***** Material for this task *****

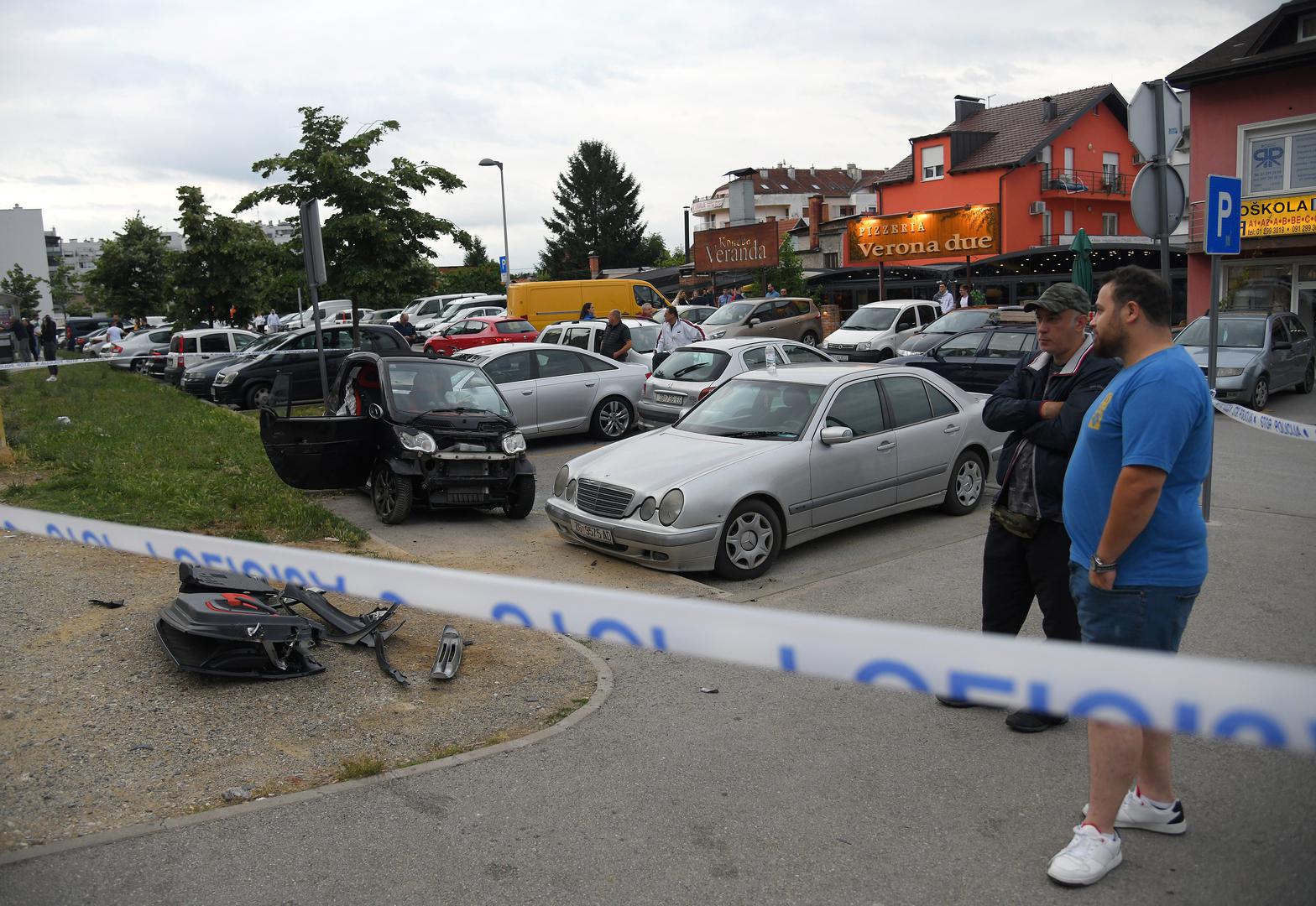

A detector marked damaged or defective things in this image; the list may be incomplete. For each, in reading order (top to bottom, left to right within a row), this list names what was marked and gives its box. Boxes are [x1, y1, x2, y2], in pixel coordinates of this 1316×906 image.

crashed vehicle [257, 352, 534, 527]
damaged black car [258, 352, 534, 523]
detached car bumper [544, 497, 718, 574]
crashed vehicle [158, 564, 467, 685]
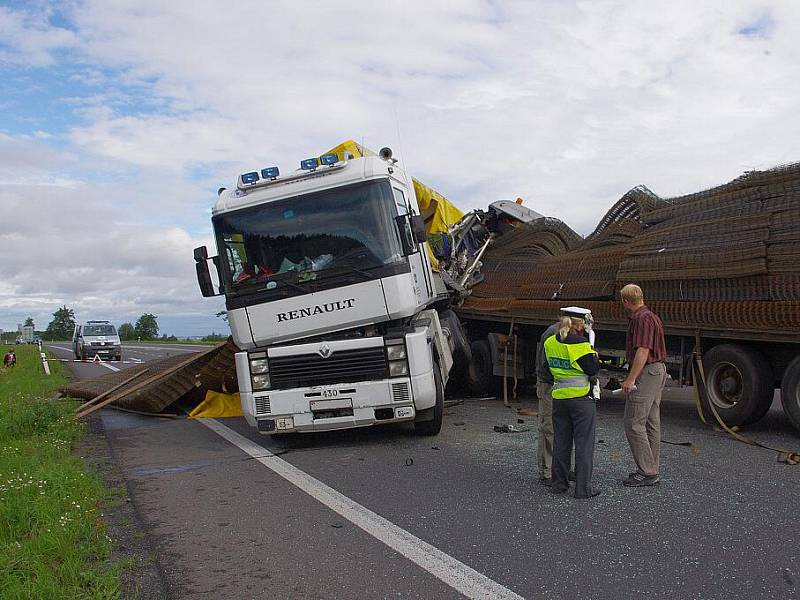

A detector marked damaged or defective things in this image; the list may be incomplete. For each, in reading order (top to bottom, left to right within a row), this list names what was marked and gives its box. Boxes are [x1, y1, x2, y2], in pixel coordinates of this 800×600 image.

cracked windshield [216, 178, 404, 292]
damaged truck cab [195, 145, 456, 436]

*****

Problem description: An exact transcription of the material is required, without any pictures.

Exercise result:
A detector marked damaged or defective things in this image; the list may be incomplete. For each, in reading order (top to bottom, left to right within a row), this list names what was marked and gives its box. Boxes are [x1, y1, x2, y2], in pixel coordinates of this 1316×906 image.

crashed vehicle [257, 352, 534, 527]
damaged black car [258, 352, 534, 523]
detached car bumper [544, 497, 718, 574]
crashed vehicle [158, 564, 467, 685]

A detector marked damaged or defective things in this image; the list may be incomplete. For each, in reading order (top to bottom, left to right within a row), this list names what was marked and gives its box. Boxes are [x1, y1, x2, y2], in pixel coordinates of this 800×600 image.

cracked windshield [216, 178, 404, 292]
damaged truck cab [195, 145, 456, 436]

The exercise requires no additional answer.